Tycoon Warning - grej
http://www.foreignpolicy.com/articles/2013/10/24/tycoon_warning

======
grej
Article posted below to avoid having to delete dom nodes:
______________________________________

Tycoon Warning: How the obscenely rich are becoming the new dictators of the
21st century.

Earlier this month, the investment bank Credit Suisse published its annual
survey of global wealth. The bank's report is filled with illuminating
findings, but one in particular caught my eye. It has to do with the
distribution of assets in Russia, where, as the report notes, a mere 110
people own a mind-boggling 35 percent of the country's entire wealth. At the
same time, 93.7 percent of Russians are worth $10,000 or less.

As the report notes, this makes Russia the country with the greatest wealth
disparities in the world. Americans, who are now increasingly concerned about
deepening inequality in their own country, might seek some consolation from
this dismal conclusion.
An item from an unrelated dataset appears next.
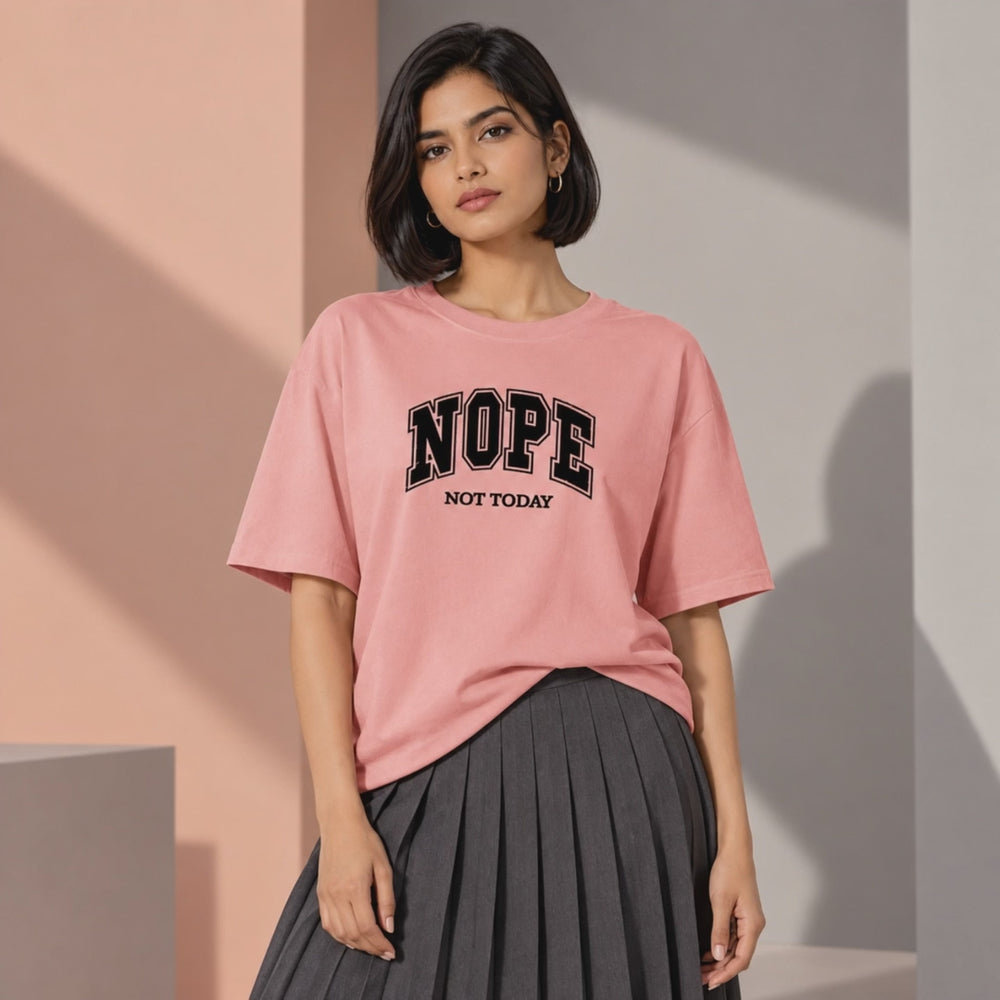 Nope oversized graphic tee — approved 6-second front and back model video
Even under present circumstances, wealth in the United
States is still spread a lot more evenly than that (as this comparison shows).
Things could be worse, right?

Well, maybe. But I see little cause for jubilation. Russia is merely the most
extreme case of a worldwide trend that potentially represents one of the
greatest threats that democracy faces today: the spread of oligarchy.

The problem isn't just that some people in today's world are fabulously rich.
It's that disproportionate wealth increasingly goes along with
disproportionate power. Russia, again, offers a textbook example of the
dangers. Back in the 1990s, a handful of politically well-connected business
tycoons managed to profit from their close relations with Boris Yeltsin's
Kremlin by taking advantage of the privatization of the country's industrial
jewels -- above all its vast oil wealth. Those magnates weren't shy about
exploiting their economic power to political ends. They bankrolled Yeltsin's
re-election as president in 1996, controlled ministerial appointments, and
dictated government policy. No wonder these businessmen-cum-politicians were
soon dubbed the "oligarchs." ("Oligarchy" is Greek for "government of the
few.")

One of them, the recently deceased, arch-Machiavellian Boris Berezovsky,
engineered the rise of an ex-KGB officer to the prime ministership. Vladimir
Putin ultimately proved less than grateful, though. Once Putin became
president in his own stead, he was quick to cut his erstwhile patron down to
size, forcing Berezvosky into exile. Putin curtailed the power of other
Yeltsin-era tycoons, too (most notably Mikhail Khodorkovsky, who today marks
his 10th year of imprisonment in a labor camp), but in their place he raised
up a new group of businessmen -- many with ties to the old Soviet security
services -- who owed their fortunes to him. One of them, another KGB alumnus
named Igor Sechin, who heads the country's largest oil company, is regarded by
some as the second-most powerful man after Putin himself. (Sechin is shown at
left in the photo above.)

But this isn't only Russia's problem. As has now become apparent,
globalization and the powerful economic forces it has unleashed have awarded
unparalleled wealth and power to a tiny new elite. Call them what you will:
the superclass, the plutocrats, the "global meritocracy." What they exemplify
is the nexus of wealth and political power. And that's a problem that is
increasingly vexing voters in places from London to Kuala Lumpur.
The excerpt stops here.